The universe is replete with infrared radiation from countless sources: Interstellar and intergalactic dust warmed by starlight, planetary systems and debris disks, star-forming regions and molecular clouds, warm galaxies, especially those undergoing active star formation, brown dwarfs and stellar remnants, These emit in a continuous range of infrared wavelengths, creating a dense, omnipresent IR background. The infrared sky is not a quiet or empty place — it is crowded, complex, and noisy, much like a city during rush hour.

According to the expanding universe theory, a supernova whose light was originally in the visible range (e.g. around 500 nm) could, at high enough redshift (z ~ 1.5–2), appear in the infrared region (e.g. 1–2 microns). Infrared telescopes are then used to "find" this redshifted signature.
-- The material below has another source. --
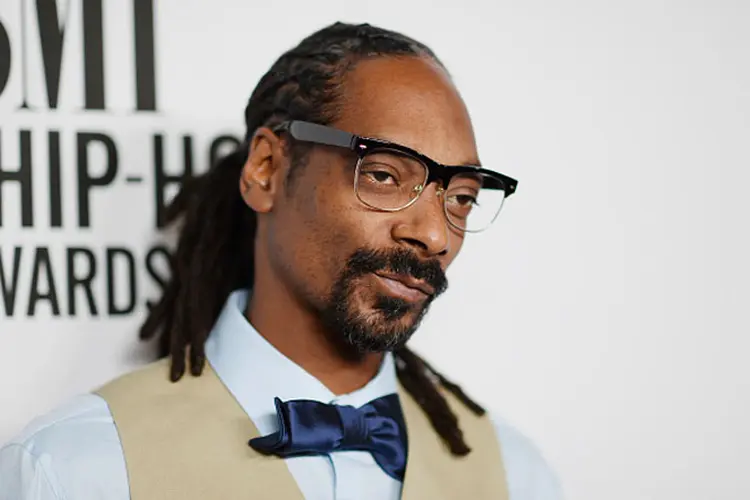 Snoop Dogg é um dos famosos mais dedicados ao universo dos NFTs (Frazer Harrison/Getty Images)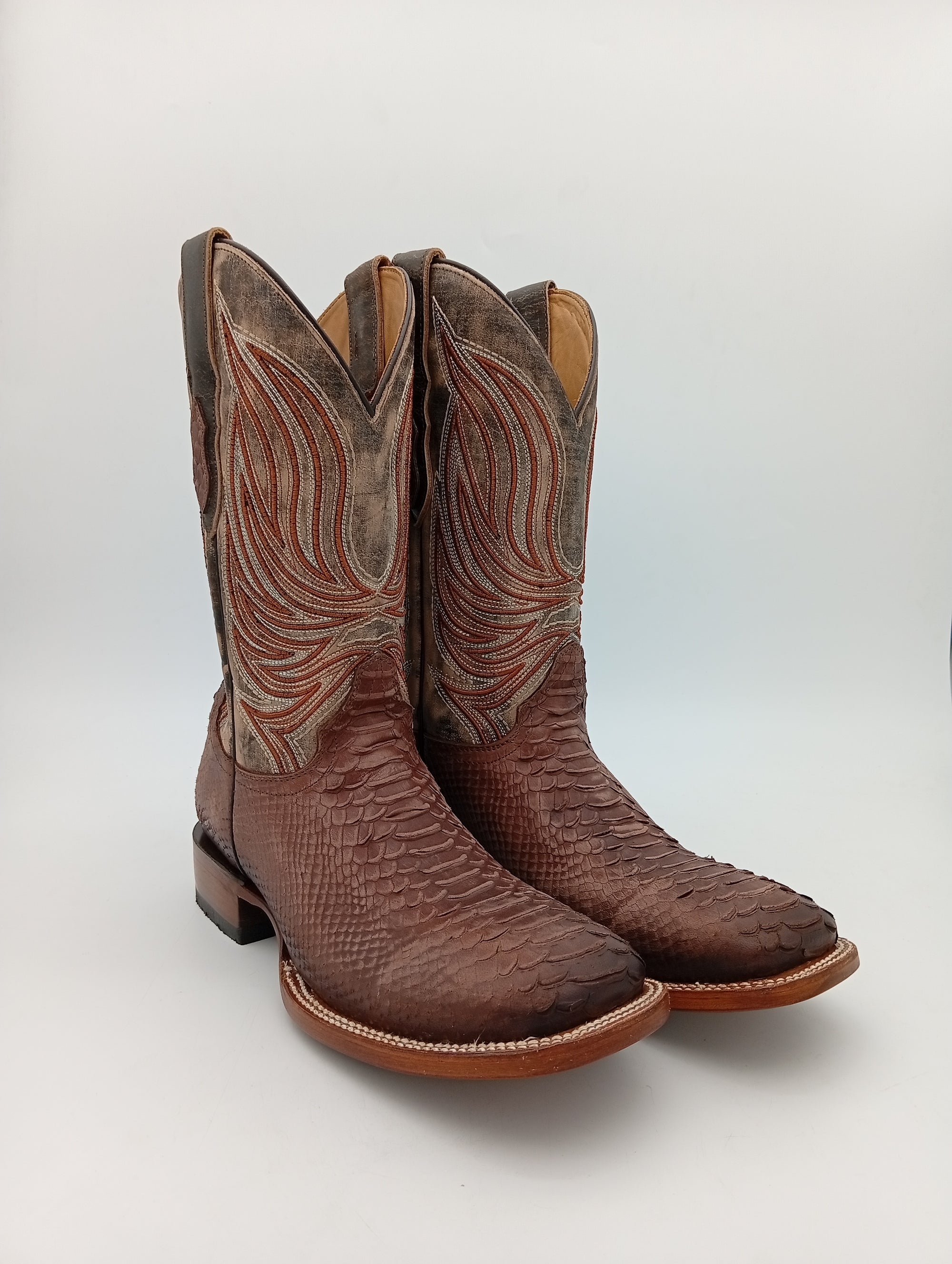 BOTA ROBERT PITHON ENCERADO CAFE SUELA DE CUERO CABALLERO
But in a universe where: Real infrared radiation is already dominant, and where composite radiation fills the longer wavelengths, —it becomes unreasonable to believe that a redshifted visible-light signal could be distinguished from the surrounding infrared background. The signal-to-noise ratio would be catastrophically low. Identifying such a signal would be akin to trying to hear a single violin note in the middle of a stadium full of drums. The claimed detection becomes not a feat of science, but an exercise in statistical self-confirmation interpreting ambiguous data through the lens of an a priori model.

Redshift in the Infrared is a Mirage. The belief that we are observing redshifted visible light from distant supernovae in the infrared band is, when examined in the light of known infrared saturation and emission physics, untenable. In a universe already glowing with genuine IR radiation, the idea that astronomers are identifying faint redshifted optical signals in that sea becomes not science, but circular reasoning.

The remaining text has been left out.